Given records: Begin
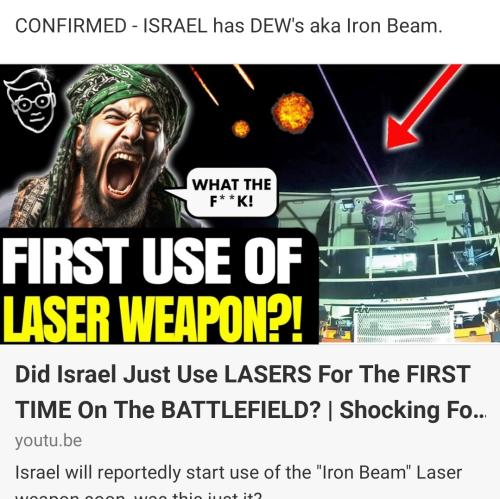 Screenshot_20231015-180428_Wimkin Free Speech Social Media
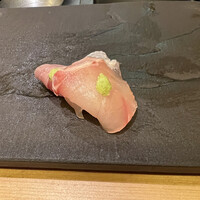 鮨よしかわ 恵比寿 - 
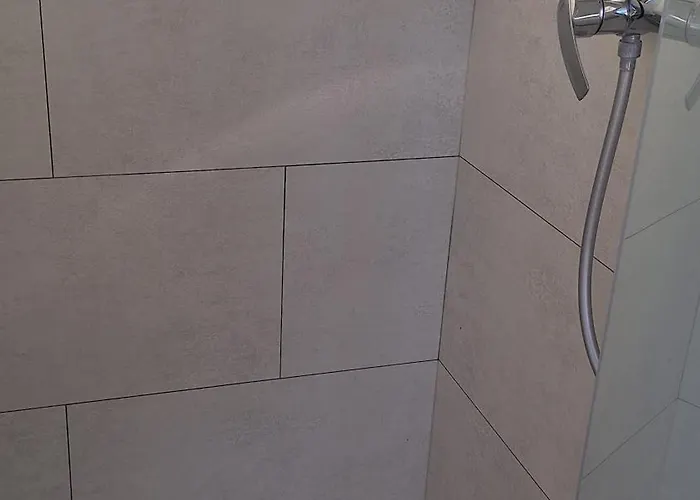 فندق مبيت وإفطار D'hotes Pleine Vue نيس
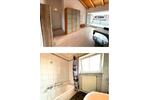 Loft - Studio - Atelier Ingolstadt - 1 Zimmer, 40 m&sup2;, 790&euro; | Angebot:27556751
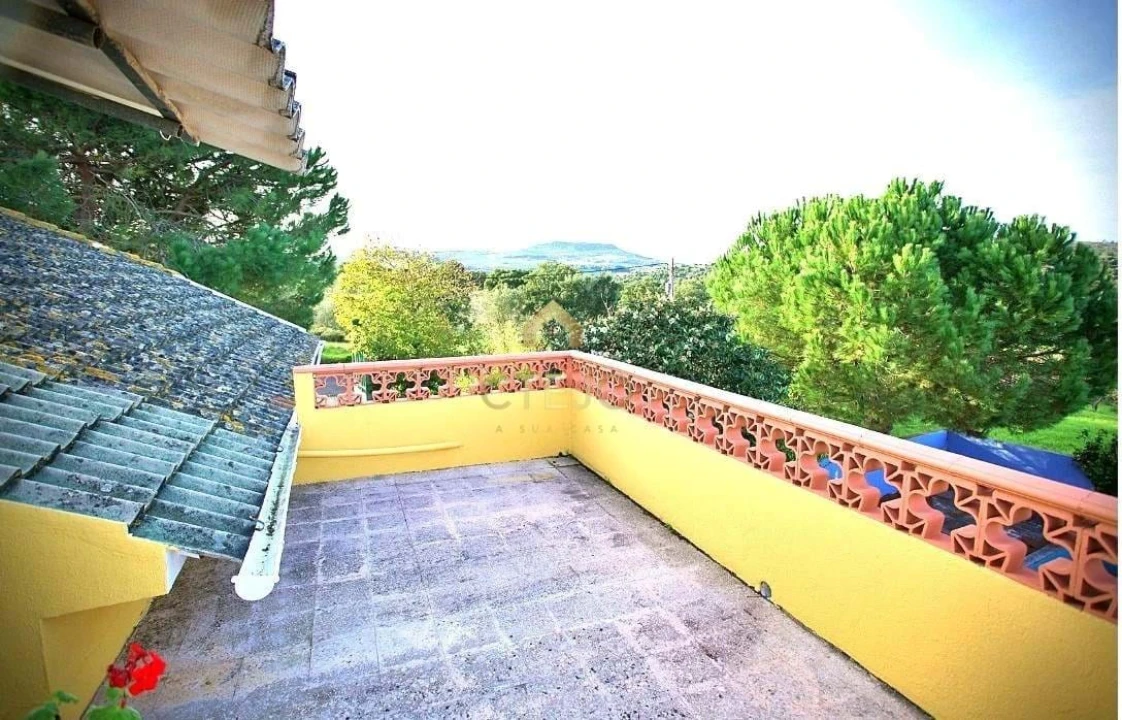 Quinta T7 para Venda em Carregado e Cadafais Foto 32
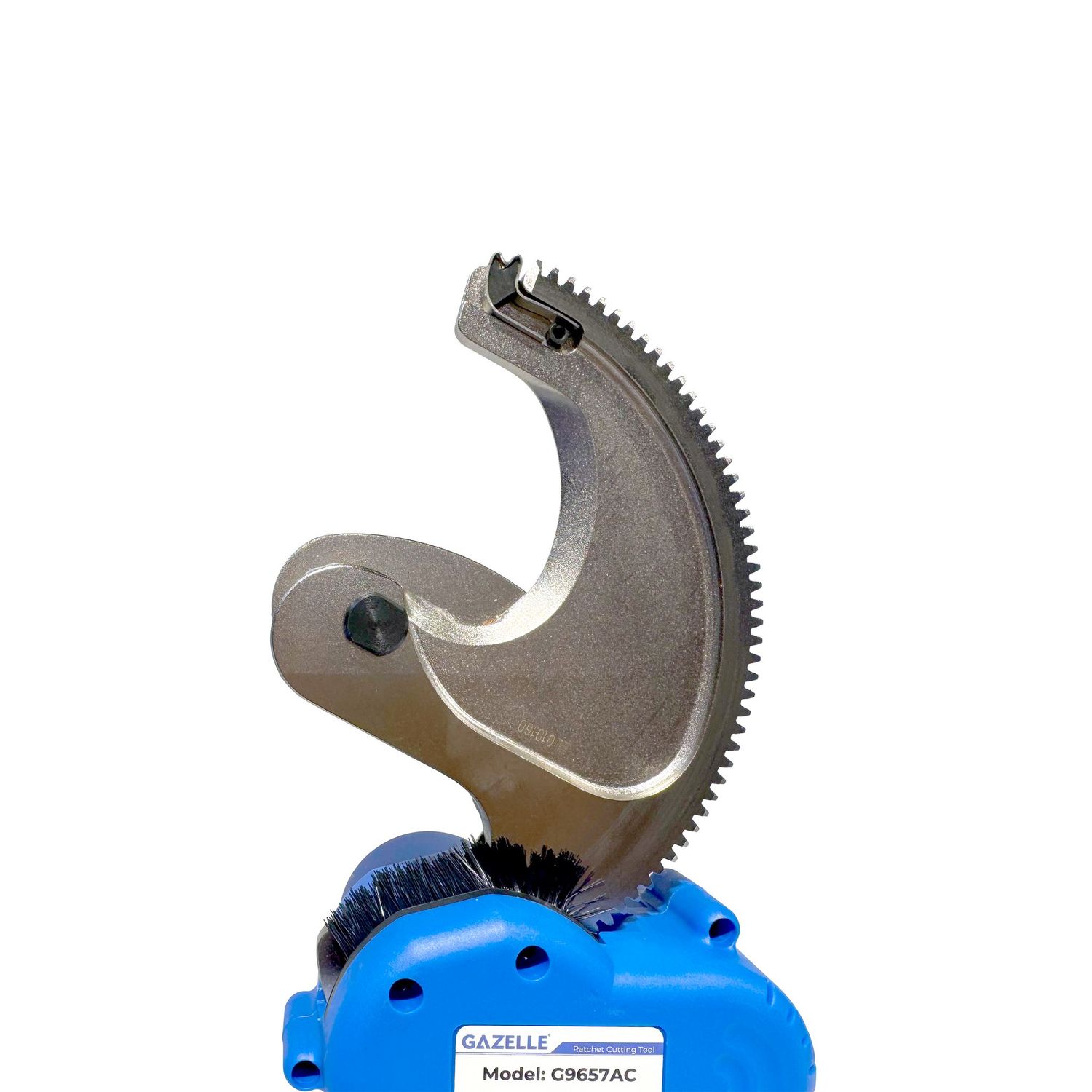 Gazelle Cordless Cable Cutters G9657AC Thumbnail 4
Given records: End
Problem description =>
Make an exact copy of the listing above. Its pictures are not needed.

Exercise result =>
 Screenshot_20231015-180428_Wimkin Free Speech Social Media
 鮨よしかわ 恵比寿 - 
 فندق مبيت وإفطار D'hotes Pleine Vue نيس
 Loft - Studio - Atelier Ingolstadt - 1 Zimmer, 40 m&sup2;, 790&euro; | Angebot:27556751
 Quinta T7 para Venda em Carregado e Cadafais Foto 32
 Gazelle Cordless Cable Cutters G9657AC Thumbnail 4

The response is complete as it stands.